(Caption-style text data)
== Segment start ==

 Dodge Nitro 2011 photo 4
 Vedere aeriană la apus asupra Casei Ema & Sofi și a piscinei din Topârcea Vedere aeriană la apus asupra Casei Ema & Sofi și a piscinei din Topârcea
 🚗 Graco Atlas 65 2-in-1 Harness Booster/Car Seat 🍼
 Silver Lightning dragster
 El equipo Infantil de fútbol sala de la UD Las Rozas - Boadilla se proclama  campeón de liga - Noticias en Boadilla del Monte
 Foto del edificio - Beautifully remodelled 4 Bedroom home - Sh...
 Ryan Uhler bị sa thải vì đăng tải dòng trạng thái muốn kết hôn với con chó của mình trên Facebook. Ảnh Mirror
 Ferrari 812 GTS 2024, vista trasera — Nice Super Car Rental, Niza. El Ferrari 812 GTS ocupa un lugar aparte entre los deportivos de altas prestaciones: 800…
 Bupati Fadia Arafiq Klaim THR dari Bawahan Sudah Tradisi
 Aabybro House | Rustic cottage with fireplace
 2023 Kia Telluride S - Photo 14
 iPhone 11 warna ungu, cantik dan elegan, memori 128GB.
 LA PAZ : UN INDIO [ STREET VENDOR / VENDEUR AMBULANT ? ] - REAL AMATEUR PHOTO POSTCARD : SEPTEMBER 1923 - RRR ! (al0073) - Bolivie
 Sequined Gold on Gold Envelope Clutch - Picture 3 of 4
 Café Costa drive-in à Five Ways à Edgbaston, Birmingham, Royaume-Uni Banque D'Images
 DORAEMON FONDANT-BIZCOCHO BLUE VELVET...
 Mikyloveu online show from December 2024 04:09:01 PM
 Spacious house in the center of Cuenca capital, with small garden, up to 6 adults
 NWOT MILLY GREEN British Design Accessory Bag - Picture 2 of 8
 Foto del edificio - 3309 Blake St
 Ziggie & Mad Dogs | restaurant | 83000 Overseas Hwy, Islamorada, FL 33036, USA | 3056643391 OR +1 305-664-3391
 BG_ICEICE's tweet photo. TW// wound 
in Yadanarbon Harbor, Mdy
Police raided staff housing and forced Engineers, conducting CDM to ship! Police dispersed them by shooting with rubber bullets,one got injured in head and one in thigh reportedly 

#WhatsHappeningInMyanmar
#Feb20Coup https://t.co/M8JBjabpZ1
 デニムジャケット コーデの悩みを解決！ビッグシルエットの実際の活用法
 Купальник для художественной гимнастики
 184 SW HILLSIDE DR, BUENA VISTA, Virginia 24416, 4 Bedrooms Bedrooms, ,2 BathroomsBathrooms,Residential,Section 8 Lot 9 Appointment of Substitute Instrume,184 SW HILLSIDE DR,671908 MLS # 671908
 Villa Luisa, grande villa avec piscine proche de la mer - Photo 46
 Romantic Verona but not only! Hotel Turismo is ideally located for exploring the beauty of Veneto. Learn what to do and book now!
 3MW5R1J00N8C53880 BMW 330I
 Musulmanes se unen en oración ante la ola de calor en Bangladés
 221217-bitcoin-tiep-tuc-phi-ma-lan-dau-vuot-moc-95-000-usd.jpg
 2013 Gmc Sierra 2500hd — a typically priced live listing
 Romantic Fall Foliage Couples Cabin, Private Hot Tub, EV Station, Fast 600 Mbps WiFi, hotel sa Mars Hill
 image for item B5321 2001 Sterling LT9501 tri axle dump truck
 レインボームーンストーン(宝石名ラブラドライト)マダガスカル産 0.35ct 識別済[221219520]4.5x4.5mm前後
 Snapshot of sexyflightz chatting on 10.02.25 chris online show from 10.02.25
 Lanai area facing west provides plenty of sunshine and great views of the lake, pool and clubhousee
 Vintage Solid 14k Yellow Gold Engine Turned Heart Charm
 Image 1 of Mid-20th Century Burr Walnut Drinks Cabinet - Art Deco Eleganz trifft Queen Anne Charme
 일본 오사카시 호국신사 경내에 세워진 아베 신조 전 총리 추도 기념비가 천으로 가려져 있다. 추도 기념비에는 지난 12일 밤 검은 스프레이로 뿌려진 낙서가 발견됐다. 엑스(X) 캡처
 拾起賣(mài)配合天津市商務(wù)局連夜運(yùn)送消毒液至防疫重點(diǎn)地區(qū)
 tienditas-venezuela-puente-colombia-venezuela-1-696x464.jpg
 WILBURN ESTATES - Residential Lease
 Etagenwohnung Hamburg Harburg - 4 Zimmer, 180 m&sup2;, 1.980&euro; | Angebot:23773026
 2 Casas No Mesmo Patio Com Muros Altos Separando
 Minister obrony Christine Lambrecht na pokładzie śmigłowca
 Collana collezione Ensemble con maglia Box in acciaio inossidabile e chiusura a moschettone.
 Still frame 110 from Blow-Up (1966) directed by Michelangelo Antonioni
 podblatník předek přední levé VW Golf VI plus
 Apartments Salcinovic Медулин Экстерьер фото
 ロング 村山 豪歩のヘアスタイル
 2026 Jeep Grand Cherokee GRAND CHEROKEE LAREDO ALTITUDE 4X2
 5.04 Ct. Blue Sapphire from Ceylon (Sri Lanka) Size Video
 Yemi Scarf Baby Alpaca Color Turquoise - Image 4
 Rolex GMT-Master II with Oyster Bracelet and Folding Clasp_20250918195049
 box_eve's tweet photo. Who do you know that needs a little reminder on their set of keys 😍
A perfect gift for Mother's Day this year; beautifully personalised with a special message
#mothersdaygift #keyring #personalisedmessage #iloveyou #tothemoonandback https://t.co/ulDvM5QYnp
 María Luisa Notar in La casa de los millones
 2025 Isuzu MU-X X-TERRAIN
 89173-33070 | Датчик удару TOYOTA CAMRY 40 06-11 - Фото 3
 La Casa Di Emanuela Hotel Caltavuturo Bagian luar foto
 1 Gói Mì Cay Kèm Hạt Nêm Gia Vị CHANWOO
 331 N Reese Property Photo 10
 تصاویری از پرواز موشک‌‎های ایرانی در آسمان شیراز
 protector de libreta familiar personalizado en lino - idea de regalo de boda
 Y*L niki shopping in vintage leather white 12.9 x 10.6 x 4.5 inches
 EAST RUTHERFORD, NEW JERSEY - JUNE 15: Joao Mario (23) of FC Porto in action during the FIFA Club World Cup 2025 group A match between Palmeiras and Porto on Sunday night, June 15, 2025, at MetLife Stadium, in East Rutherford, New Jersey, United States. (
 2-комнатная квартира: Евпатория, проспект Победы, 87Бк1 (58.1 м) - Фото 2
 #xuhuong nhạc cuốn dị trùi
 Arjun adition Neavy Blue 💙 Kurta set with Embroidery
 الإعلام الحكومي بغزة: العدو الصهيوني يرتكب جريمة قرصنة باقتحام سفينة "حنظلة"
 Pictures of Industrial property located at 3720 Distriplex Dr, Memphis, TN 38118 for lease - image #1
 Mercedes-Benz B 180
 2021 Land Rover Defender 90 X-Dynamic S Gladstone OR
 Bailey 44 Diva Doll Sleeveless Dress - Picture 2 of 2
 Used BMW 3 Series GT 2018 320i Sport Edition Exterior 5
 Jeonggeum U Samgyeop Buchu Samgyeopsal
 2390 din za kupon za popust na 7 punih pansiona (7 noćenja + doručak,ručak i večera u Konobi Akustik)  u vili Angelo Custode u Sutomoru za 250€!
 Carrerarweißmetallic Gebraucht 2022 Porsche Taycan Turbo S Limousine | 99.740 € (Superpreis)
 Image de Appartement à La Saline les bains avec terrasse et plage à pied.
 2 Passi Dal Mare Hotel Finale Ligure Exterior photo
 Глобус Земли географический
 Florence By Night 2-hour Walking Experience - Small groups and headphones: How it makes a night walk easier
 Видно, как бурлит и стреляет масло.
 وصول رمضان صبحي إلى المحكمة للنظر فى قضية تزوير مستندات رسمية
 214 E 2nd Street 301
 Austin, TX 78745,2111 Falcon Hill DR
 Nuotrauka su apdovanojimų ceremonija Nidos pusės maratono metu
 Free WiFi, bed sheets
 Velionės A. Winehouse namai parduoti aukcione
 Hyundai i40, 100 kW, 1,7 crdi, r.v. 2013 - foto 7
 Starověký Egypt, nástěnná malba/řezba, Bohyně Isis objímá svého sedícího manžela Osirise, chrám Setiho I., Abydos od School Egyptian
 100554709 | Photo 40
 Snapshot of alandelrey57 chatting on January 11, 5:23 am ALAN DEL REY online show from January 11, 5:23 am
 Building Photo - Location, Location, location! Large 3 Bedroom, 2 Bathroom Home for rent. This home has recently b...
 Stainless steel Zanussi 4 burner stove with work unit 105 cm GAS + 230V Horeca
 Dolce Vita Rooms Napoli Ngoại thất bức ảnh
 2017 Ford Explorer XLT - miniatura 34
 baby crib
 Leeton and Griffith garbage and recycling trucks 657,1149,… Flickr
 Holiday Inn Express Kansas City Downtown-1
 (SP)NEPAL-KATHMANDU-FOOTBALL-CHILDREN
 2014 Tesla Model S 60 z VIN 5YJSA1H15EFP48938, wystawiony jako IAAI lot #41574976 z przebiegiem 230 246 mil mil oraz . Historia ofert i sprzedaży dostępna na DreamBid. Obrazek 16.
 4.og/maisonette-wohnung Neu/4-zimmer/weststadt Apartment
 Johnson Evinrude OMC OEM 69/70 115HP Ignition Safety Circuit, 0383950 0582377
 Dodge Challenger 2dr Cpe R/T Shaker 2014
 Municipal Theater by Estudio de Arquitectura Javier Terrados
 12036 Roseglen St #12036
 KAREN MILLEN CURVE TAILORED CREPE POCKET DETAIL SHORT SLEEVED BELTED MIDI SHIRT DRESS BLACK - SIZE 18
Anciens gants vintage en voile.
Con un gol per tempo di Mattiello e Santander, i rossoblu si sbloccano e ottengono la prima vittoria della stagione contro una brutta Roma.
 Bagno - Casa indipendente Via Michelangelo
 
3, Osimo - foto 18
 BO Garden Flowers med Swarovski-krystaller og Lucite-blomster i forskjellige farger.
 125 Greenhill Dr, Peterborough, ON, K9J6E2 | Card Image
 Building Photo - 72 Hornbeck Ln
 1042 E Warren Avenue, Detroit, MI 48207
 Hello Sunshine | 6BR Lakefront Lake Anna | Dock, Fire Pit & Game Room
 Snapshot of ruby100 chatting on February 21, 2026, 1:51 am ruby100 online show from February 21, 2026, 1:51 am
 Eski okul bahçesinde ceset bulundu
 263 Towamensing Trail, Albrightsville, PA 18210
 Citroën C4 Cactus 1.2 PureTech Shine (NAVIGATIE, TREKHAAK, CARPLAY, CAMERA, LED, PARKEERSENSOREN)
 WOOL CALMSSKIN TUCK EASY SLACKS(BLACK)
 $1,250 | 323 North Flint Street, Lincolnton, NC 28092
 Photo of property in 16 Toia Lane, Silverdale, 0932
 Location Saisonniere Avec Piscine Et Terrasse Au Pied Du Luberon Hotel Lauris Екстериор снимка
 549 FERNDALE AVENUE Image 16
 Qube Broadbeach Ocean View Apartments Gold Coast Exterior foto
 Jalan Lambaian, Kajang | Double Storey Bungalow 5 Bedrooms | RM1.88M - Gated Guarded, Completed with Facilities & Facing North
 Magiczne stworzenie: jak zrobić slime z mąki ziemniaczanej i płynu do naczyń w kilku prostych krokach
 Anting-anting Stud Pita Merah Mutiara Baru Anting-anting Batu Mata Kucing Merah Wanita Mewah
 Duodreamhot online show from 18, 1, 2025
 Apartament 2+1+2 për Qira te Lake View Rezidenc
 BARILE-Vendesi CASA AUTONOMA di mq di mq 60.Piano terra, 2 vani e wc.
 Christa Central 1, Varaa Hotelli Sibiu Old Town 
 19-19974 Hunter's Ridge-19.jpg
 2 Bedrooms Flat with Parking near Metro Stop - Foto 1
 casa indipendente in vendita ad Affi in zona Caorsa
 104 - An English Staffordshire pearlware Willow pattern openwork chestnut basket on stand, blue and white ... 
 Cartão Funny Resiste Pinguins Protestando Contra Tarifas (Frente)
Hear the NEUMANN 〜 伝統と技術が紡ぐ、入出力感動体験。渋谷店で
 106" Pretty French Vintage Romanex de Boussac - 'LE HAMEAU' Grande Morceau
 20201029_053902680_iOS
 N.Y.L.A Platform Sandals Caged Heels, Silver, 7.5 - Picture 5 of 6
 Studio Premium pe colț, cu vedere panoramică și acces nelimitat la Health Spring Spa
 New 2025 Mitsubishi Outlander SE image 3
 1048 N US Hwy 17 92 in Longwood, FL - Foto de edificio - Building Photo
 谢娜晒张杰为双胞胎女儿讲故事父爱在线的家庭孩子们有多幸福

== Segment end ==

WHAT IS REQUIRED:
Your answer should be a single number, namely how many lines of the data above hold "Gold".

SOLUTION TO THIS TASK:
3